Supplied data section start

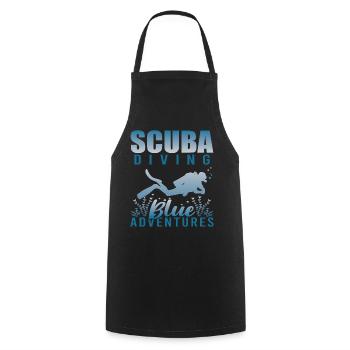 Scuba Diving, Scuba Diving, Holiday Sea Diver - Cooking Apron - black - Front - AI Model Male 185 dark (185cm)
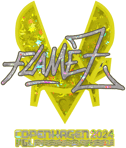 Sticker | FlameZ (Glitter) | Copenhagen 2024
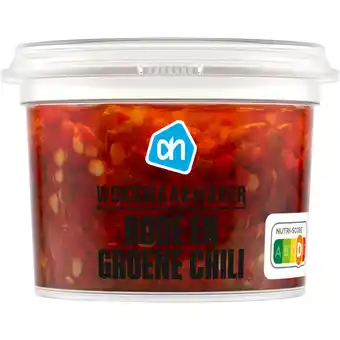 Albert Heijn AH Woksmaakmaker rode en groene chili aanbieding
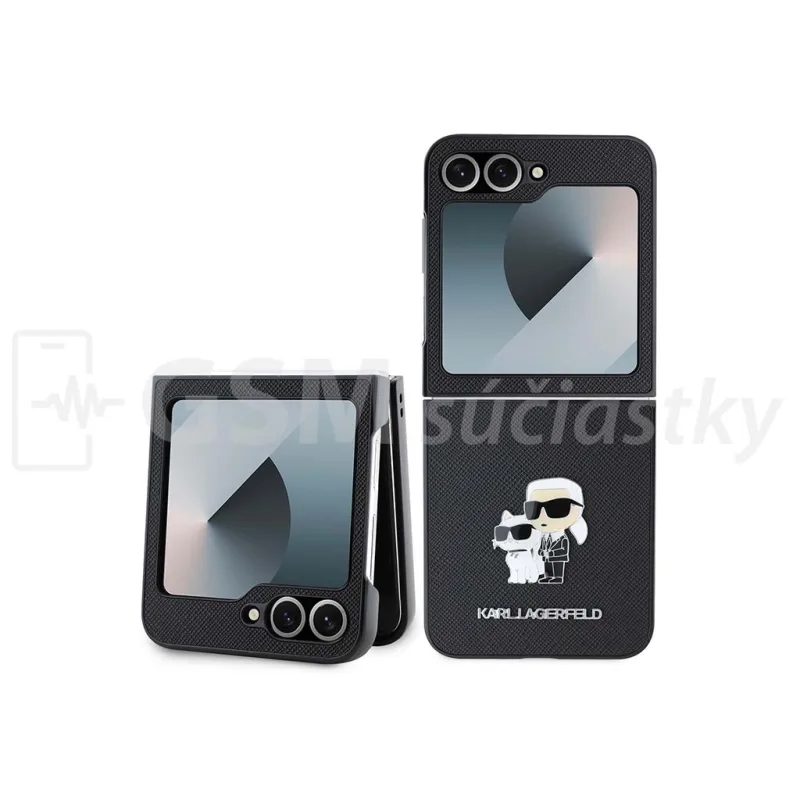 iPhone Karl Lagerfeld PU Saffiano Karl and Choupette Zadný Kryt pre Samsung Galaxy Z Flip 6 /7FE Black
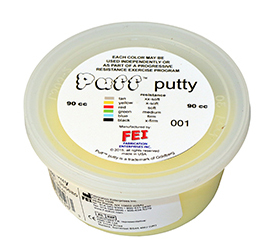 [10-1411] Puff LiTE Exercise Putty - x-soft - yellow - 90cc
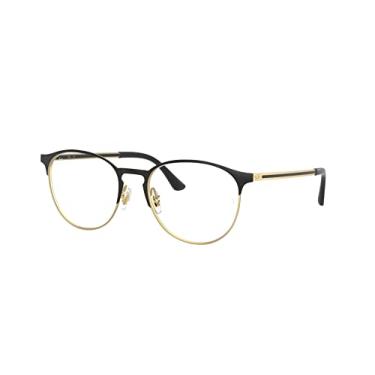 Imagem de Armação para Óculos Ray-Ban 0RX6375 3051 Tam 53 / Preto/Ouro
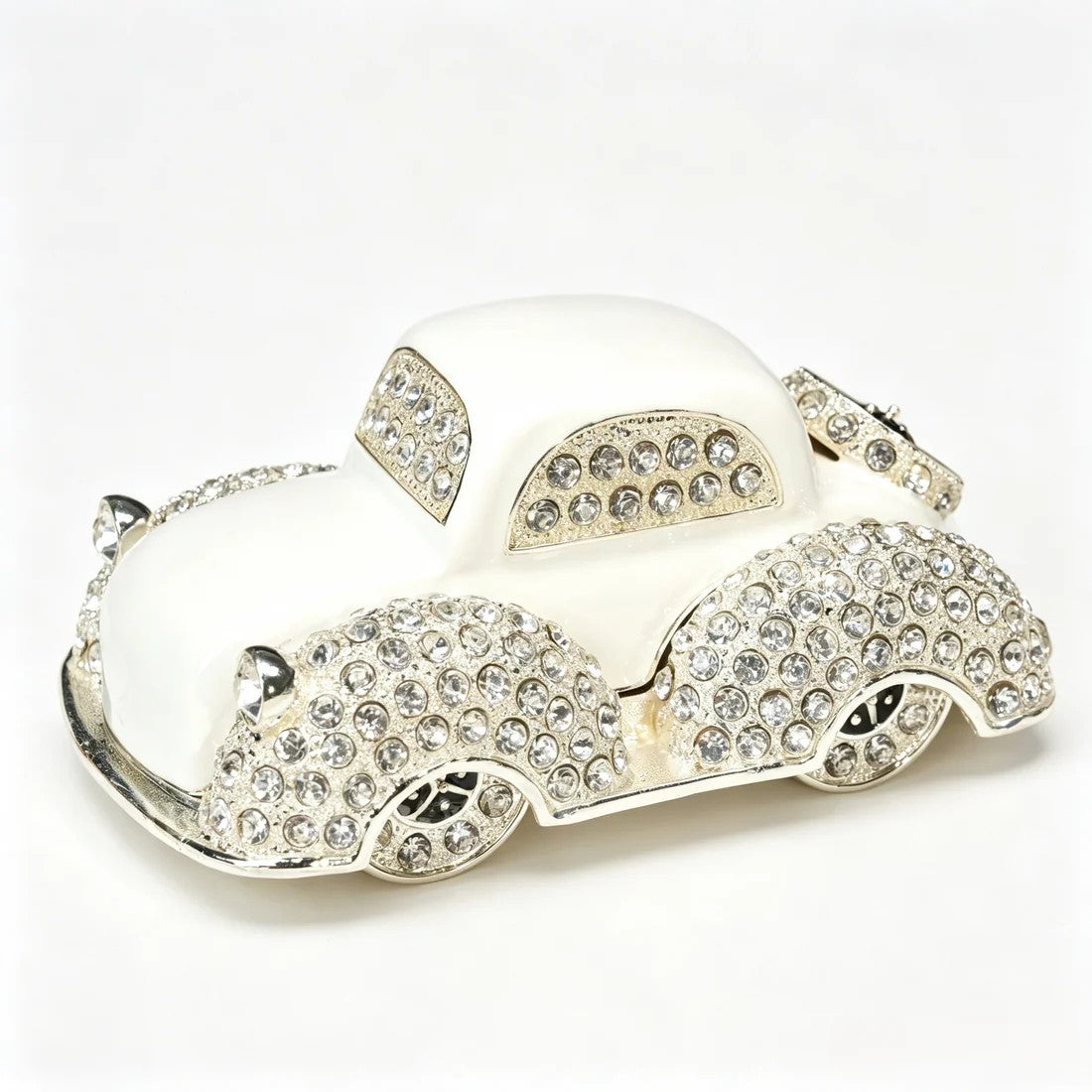 Enamel Vintage Car Jewelry Box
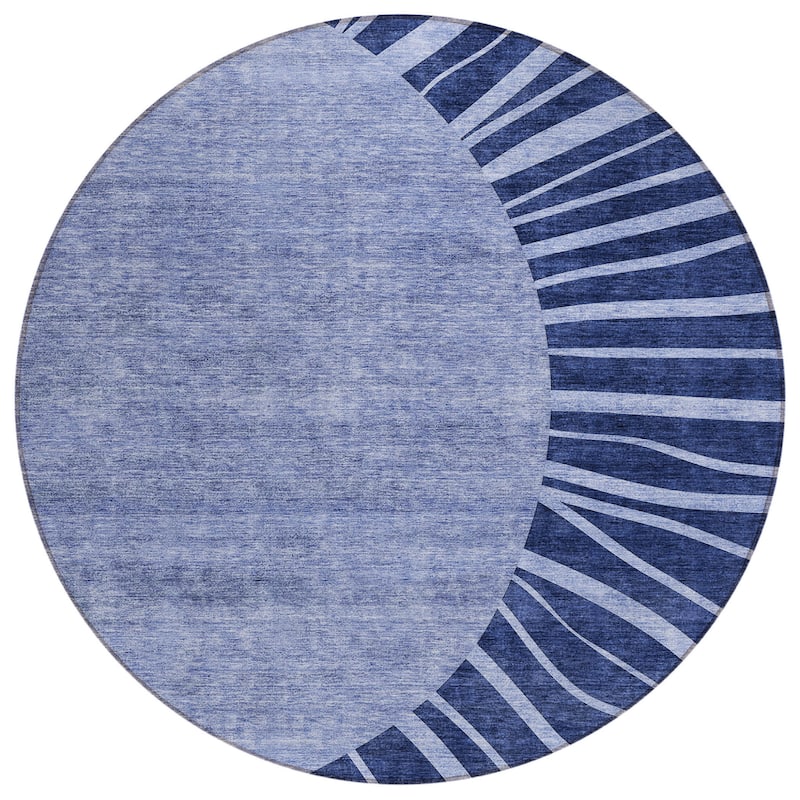 HomeRoots Abstract Transitional Rectangle Outdoor Rug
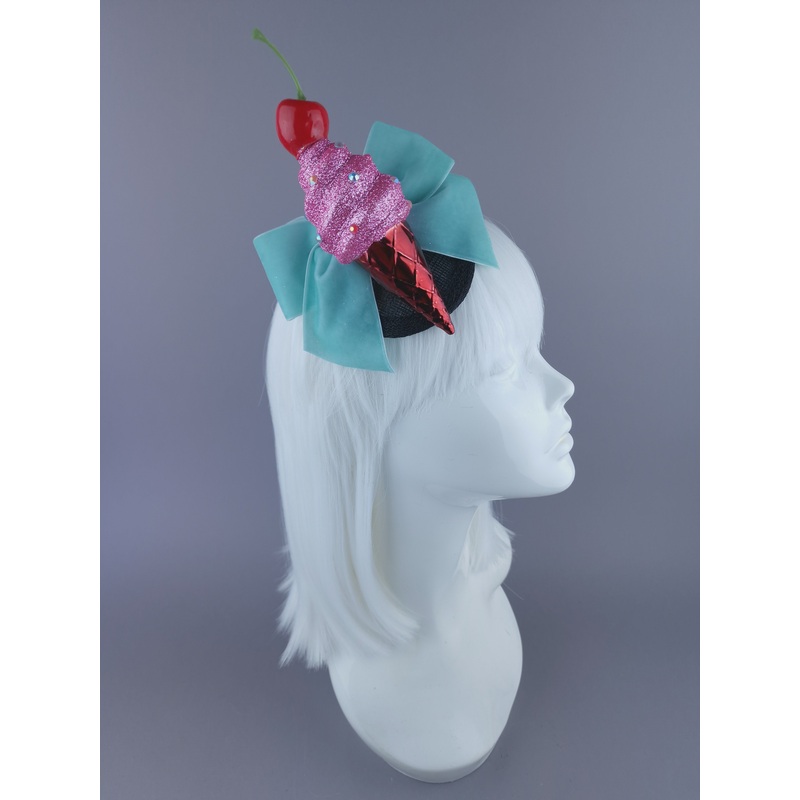 Sorbet Ice Cream & Bow Mini Fascinator
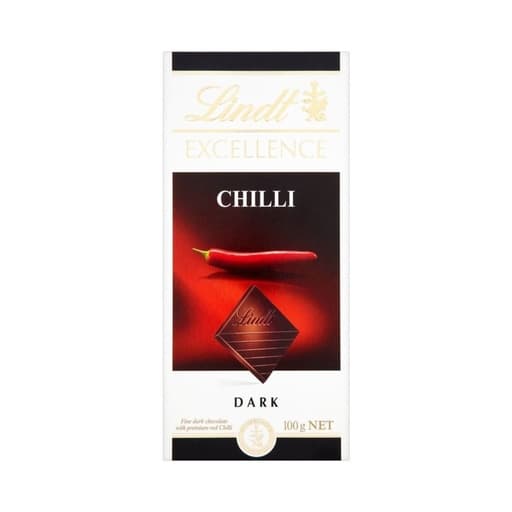 Lindt Excellence Chilli Dark Chocolate 100g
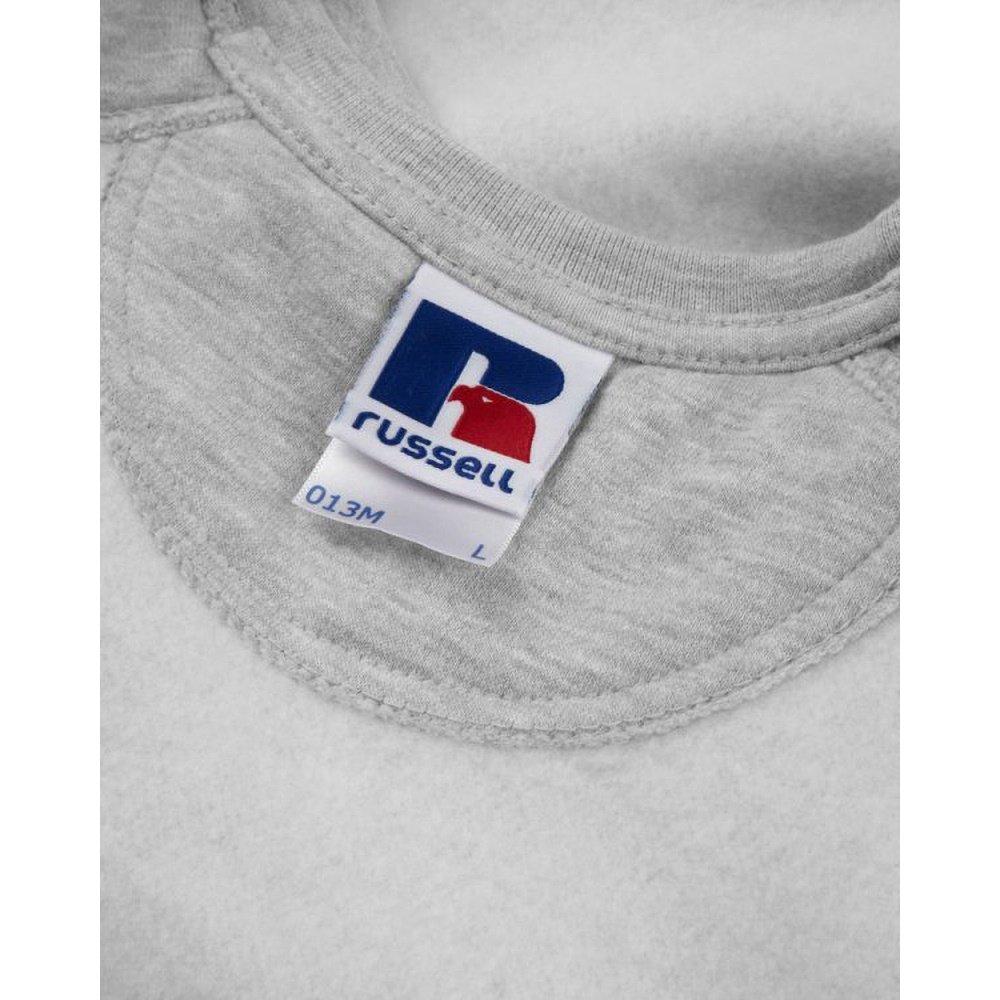 Russell Workwear Crew Neck Set In Sweatshirt Top
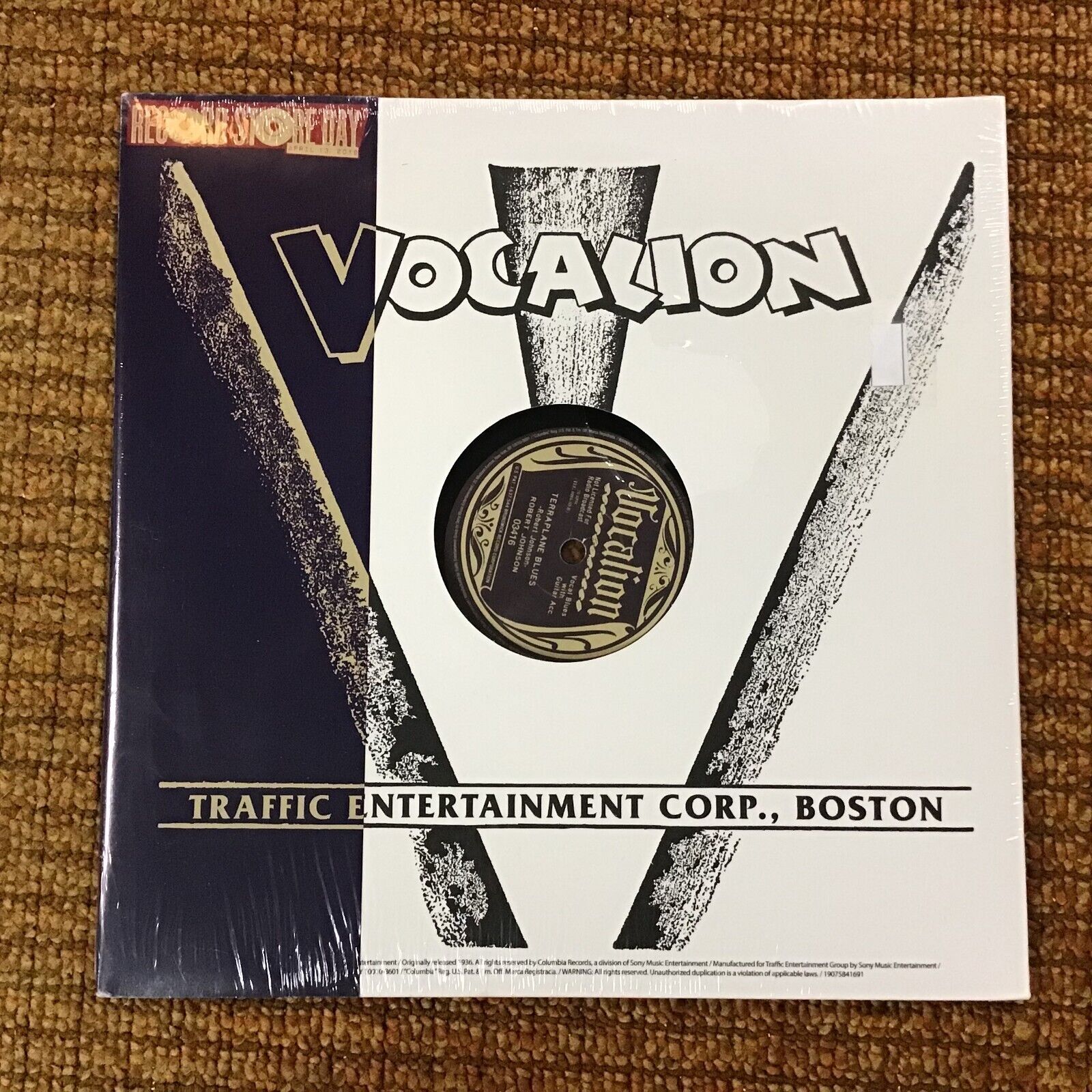 78 RPM  Robert Johnson VOCALION Terraplane Blues / Kind hearted Woman SEALED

Supplied data section end

Prompt: Skip the pictures and print each record exactly as it stands.

Task response:
 Scuba Diving, Scuba Diving, Holiday Sea Diver - Cooking Apron - black - Front - AI Model Male 185 dark (185cm)
 Sticker | FlameZ (Glitter) | Copenhagen 2024
 Albert Heijn AH Woksmaakmaker rode en groene chili aanbieding
 iPhone Karl Lagerfeld PU Saffiano Karl and Choupette Zadný Kryt pre Samsung Galaxy Z Flip 6 /7FE Black
 [10-1411] Puff LiTE Exercise Putty - x-soft - yellow - 90cc
 Imagem de Armação para Óculos Ray-Ban 0RX6375 3051 Tam 53 / Preto/Ouro
 Enamel Vintage Car Jewelry Box
 HomeRoots Abstract Transitional Rectangle Outdoor Rug
 Sorbet Ice Cream & Bow Mini Fascinator
 Lindt Excellence Chilli Dark Chocolate 100g
 Russell Workwear Crew Neck Set In Sweatshirt Top
 78 RPM  Robert Johnson VOCALION Terraplane Blues / Kind hearted Woman SEALED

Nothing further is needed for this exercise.